Sleep_day2 <- Sleep_day1 %>%
select(-time)
dailyact_sleep <- left_join(dailyActivity_merged, Sleep_day2)
## Joining, by = c("Id", "ActivityDate")
anyNA(dailyact_sleep)
## [1] TRUE
dailyact_sleep1 <- dailyact_sleep %>%
select(VeryActiveMinutes, TotalMinutesAsleep) %>%
filter(!is.na(VeryActiveMinutes), !is.na(TotalMinutesAsleep))

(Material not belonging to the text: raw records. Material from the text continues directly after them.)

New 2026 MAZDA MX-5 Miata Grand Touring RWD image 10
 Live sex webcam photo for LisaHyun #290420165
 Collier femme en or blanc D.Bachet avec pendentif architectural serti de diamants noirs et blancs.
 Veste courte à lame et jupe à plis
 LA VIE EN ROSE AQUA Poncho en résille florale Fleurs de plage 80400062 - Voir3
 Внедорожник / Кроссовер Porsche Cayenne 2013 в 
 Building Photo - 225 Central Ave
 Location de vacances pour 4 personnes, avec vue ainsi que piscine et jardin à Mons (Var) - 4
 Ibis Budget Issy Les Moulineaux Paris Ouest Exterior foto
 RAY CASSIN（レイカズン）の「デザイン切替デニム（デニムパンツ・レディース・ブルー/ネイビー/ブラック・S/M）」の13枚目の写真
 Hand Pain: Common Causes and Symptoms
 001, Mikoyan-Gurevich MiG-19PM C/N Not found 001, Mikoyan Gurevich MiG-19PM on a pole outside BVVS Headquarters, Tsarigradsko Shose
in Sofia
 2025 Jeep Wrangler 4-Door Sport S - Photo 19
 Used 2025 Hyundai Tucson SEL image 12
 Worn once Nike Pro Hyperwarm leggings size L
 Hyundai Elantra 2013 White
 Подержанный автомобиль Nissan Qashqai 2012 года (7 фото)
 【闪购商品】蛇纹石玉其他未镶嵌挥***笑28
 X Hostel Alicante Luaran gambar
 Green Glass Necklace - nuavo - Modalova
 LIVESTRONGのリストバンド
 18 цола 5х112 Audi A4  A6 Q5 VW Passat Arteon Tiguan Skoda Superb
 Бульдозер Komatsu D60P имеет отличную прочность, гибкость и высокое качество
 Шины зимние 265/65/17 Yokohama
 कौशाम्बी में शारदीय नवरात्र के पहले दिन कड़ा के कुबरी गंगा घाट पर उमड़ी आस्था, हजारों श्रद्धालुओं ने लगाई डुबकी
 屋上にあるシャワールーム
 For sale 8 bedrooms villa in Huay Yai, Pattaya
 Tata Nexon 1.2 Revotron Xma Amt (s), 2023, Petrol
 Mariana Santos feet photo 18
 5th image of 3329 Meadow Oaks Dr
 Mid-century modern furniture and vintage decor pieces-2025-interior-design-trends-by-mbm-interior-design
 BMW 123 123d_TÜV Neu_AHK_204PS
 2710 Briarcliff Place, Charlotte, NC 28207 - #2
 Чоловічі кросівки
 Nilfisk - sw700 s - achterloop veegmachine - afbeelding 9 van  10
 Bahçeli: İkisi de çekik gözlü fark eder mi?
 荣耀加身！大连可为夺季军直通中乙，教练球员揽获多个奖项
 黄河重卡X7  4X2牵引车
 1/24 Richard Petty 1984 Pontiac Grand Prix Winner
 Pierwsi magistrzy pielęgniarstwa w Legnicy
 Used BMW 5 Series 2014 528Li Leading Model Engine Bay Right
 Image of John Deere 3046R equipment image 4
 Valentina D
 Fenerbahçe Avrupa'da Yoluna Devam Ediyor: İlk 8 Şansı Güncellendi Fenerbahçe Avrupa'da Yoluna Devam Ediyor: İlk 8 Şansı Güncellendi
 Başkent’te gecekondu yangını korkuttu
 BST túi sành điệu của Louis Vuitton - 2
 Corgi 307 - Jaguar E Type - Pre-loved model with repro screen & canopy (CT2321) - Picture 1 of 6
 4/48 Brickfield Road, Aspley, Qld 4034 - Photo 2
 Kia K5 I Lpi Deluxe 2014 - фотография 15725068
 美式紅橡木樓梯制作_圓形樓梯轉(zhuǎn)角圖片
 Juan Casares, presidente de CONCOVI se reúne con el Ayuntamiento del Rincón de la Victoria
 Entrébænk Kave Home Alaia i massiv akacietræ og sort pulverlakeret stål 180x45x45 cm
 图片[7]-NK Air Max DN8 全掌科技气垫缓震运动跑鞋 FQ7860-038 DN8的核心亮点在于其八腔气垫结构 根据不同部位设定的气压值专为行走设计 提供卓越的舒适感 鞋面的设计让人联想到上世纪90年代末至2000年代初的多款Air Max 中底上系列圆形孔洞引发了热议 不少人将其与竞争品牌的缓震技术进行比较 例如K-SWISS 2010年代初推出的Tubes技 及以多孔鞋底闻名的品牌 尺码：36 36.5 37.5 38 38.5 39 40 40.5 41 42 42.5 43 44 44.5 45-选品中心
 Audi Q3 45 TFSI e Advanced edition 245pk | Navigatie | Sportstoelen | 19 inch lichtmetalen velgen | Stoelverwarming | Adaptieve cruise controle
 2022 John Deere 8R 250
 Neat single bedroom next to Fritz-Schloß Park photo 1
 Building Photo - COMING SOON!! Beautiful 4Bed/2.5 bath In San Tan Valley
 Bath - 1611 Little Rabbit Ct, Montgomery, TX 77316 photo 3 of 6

ggplot(data = dailyact_sleep1, aes(x=VeryActiveMinutes, y=TotalMinutesAsleep)) +
geom_point() +
stat_smooth(method = lm)
## `geom_smooth()` using formula 'y ~ x'
cor(dailyact_sleep1$VeryActiveMinutes, dailyact_sleep1$TotalMinutesAsleep, method = "pearson")
## [1] -0.09043628
We will first separate ActivityMinute column in MET dataset into two different Date and Time columns and Date column in weight_LogInfo dataset into Date and Time columns. Then left_join is used to merge these two datasets.
met_act <- separate(minute_METs, ActivityMinute, into = c("Date", "time"), sep = " ")
## Warning: Expected 2 pieces. Additional pieces discarded in 1325580 rows [1, 2,
## 3, 4, 5, 6, 7, 8, 9, 10, 11, 12, 13, 14, 15, 16, 17, 18, 19, 20, ...].
weight_log <- separate(weight_LogInfo,Date, into = c("Date", "time"), sep = " ")
## Warning: Expected 2 pieces. Additional pieces discarded in 67 rows [1, 2, 3, 4,
## 5, 6, 7, 8, 9, 10, 11, 12, 13, 14, 15, 16, 17, 18, 19, 20, ...].
weight_log1 <- weight_log %>%
select(-time)
met_weight <- left_join(met_act, weight_log1)
## Joining, by = c("Id", "Date")
met_weight1 <- met_weight %>%
select(METs, BMI) %>%
filter(!is.na(METs), !is.na(BMI))
ggplot(data = met_weight1, aes(x=METs, y=BMI)) +
geom_point() +
stat_smooth(method = lm)
## `geom_smooth()` using formula 'y ~ x'
cor(met_weight1$METs, met_weight1$BMI, method = "pearson")
## [1] -0.02574604
Insights There is a positive relationship between totalsteps taken and calories. So we can modify our leaf gadget to give daily notification if we do not walk everyday. There is negative relationship between sedentary minutes and calories. We can improve our gadget to give daily reminders to be more active if our sedentary minutes increase. The realation between very active minutes and total duration of sleep is also negative. This can be interpreted as if our sleeping hour is going up, our very active minutes will go down. There should be recommendation in the gadget as to how many hours an individual needs to sleep without comprisin on his or her very active minutes. Also, METs and BMI are negatively related. So a personalized recommendation should be made available in the gadgets as to how we shold divide our activity in terms of MET to regulate our BMI.